The major difference between Wellfleet’s current bylaw and the model bylaw is that Wellfleet’s requires rentals to tenants who earn, at most, 120 percent of the area median income — up to $76,920 for one person. The rent charged is also restricted.
Wellfleet’s bylaw encourages homeowner participation by offering a tax break based on the valuation of the A.D.U. But Cox said the well-intended restrictions are not attractive to potential landlords, and thus not working to create more rental housing.
It’s true that Wellfleet’s current bylaw has not been much used. Only about 10 to 15 people have taken advantage of the tax break, as reported in the Provincetown Banner in 2018.

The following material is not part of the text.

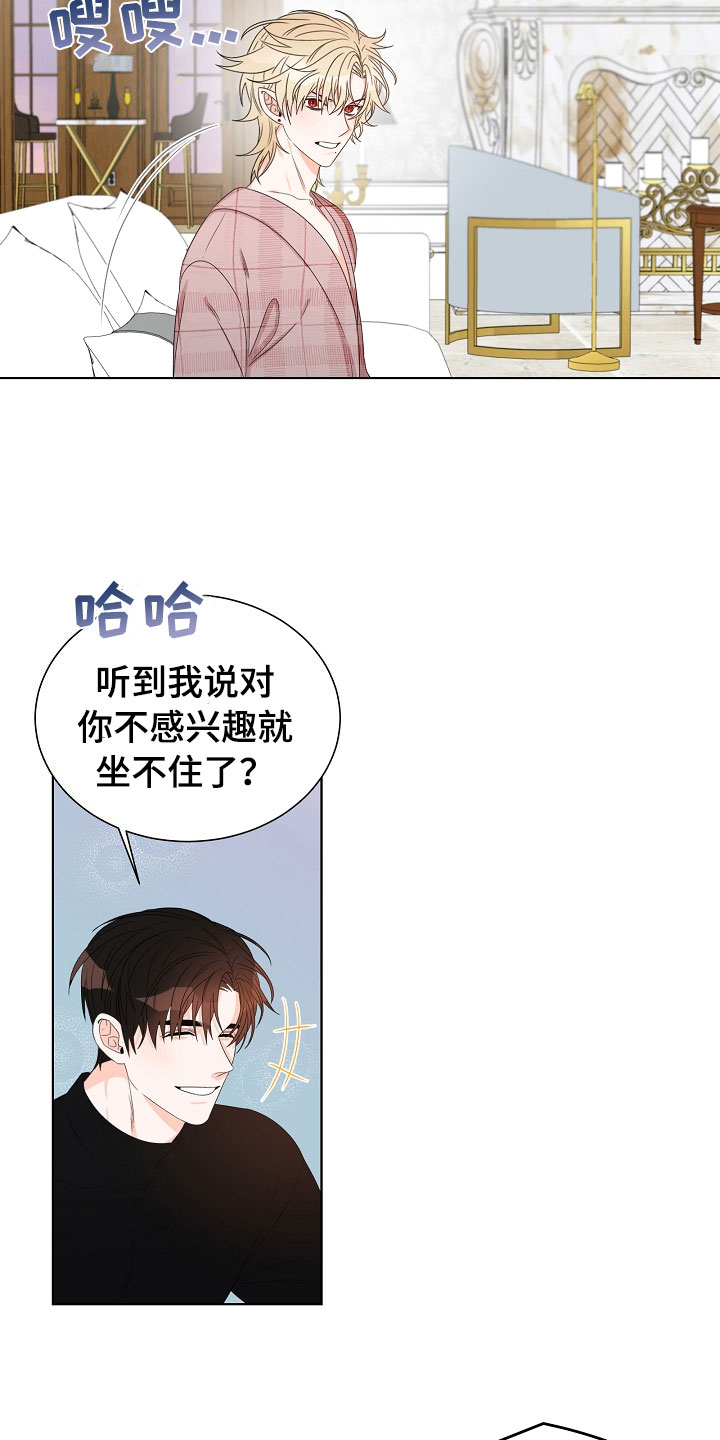 傲娇小野猫漫画,第4章：拌嘴5图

Still, Agger said, the planning board is “rightly concerned” that allowing A.D.U.s without income limits may result in “a loss of the affordable A.D.U.s that we have.”

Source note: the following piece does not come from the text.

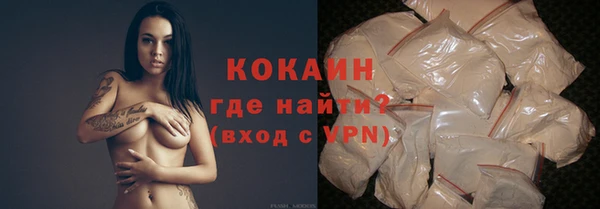 гидропоника Нефтегорск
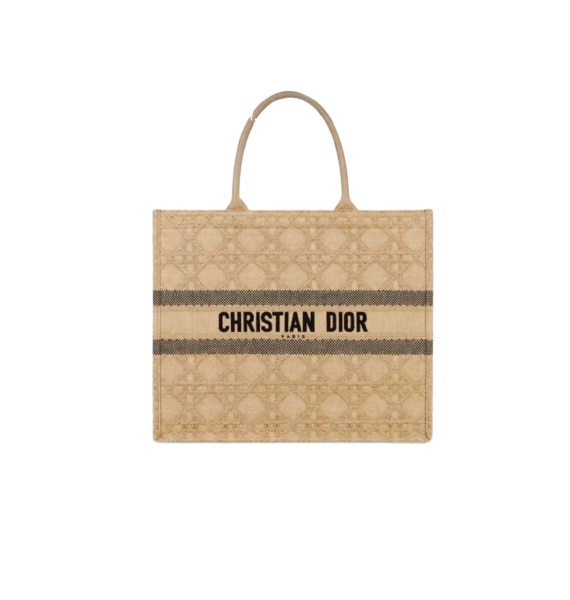 Сумка • Christian Dior • Бежевый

At the end of the meeting, both boards agreed to work together to find a way to make Wellfleet’s existing bylaw better.
“We’re hoping we can find some incentives or something,” Agger said. “We’re all well aware we have a real problem with affordable housing in Wellfleet and it affects those in the lower economic level.” Agger said people who actually make reasonably good money often still don’t earn enough to buy a home, and there are no places to rent. “These are people we call the missing middle.”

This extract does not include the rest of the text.